Problem statement: Please copy all of the data that follows exactly, leaving any pictures out.

The data:
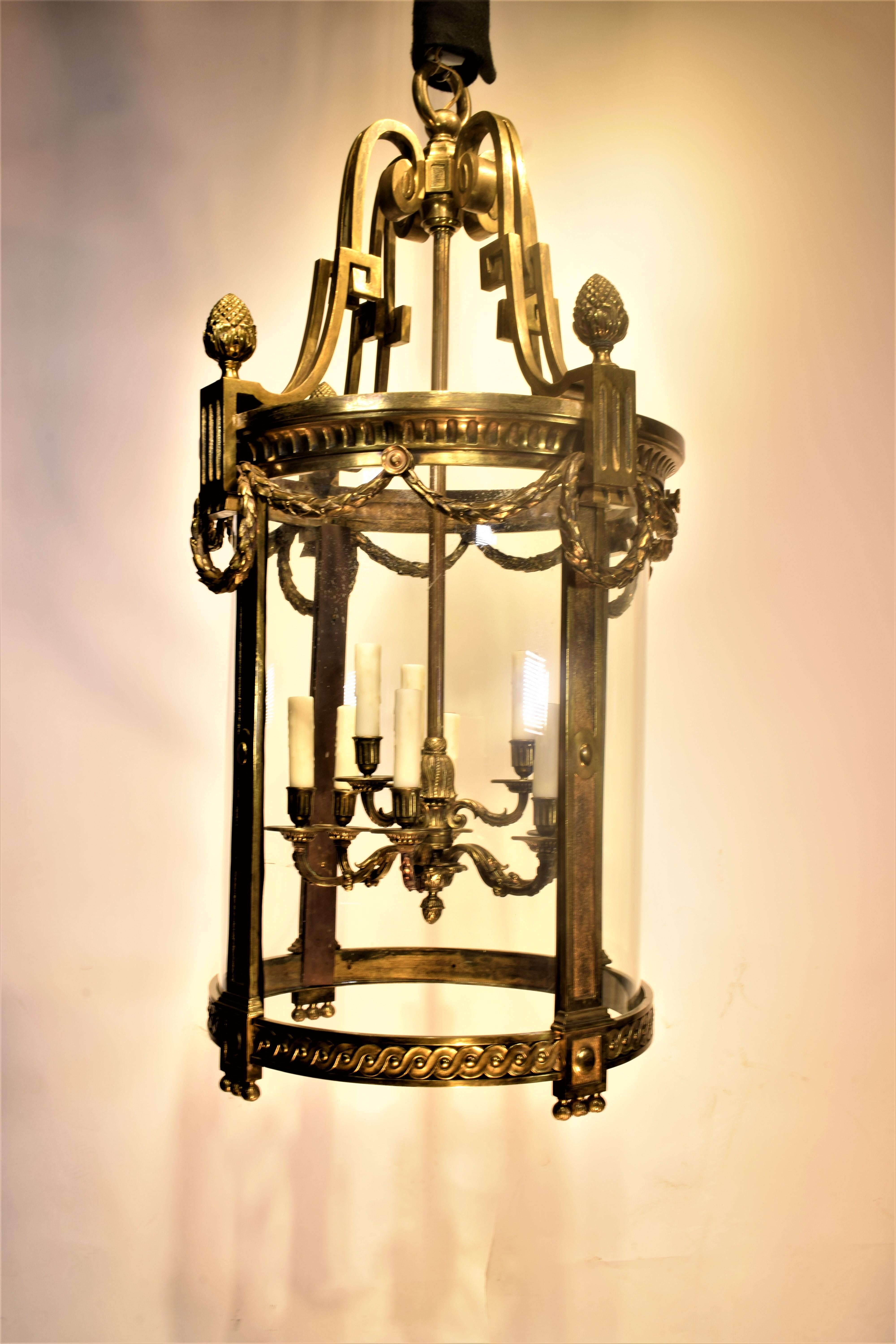 Gilt Bronze & Crystal Lantern.  For Sale 10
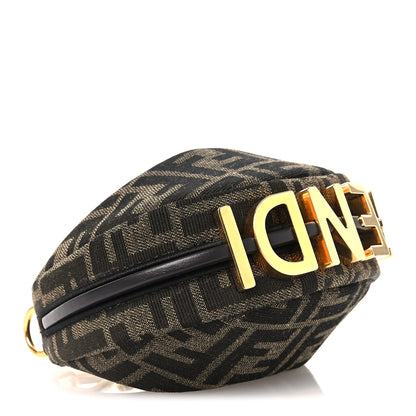 Fendi Fabric Jacquard FF 1974 Nano Fendigraphy Hobo Charm Tobacco Moro 4 of 10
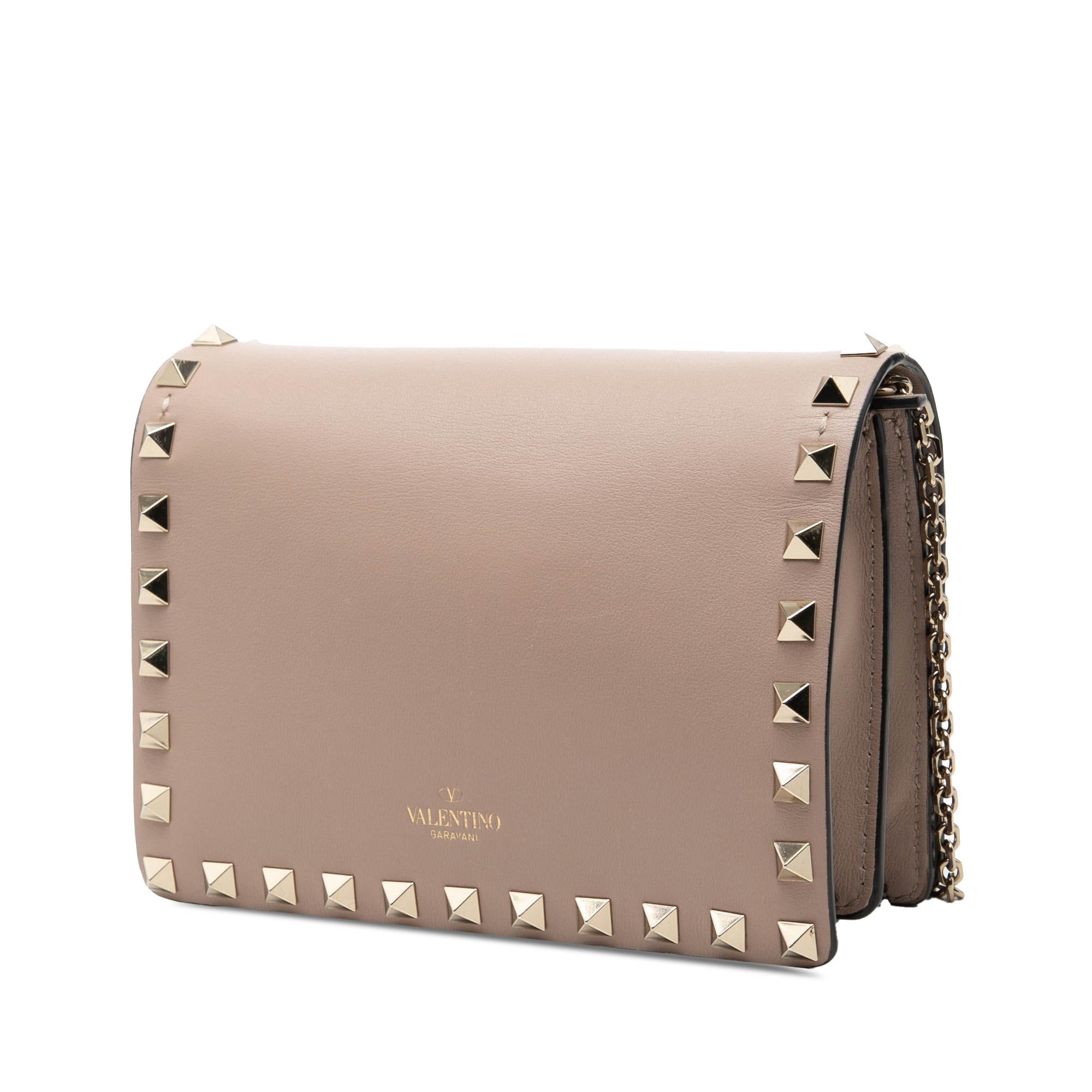 Valentino Leather Rockstud Chain Pouch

Response:
 Gilt Bronze & Crystal Lantern.  For Sale 10
 Fendi Fabric Jacquard FF 1974 Nano Fendigraphy Hobo Charm Tobacco Moro 4 of 10
 Valentino Leather Rockstud Chain Pouch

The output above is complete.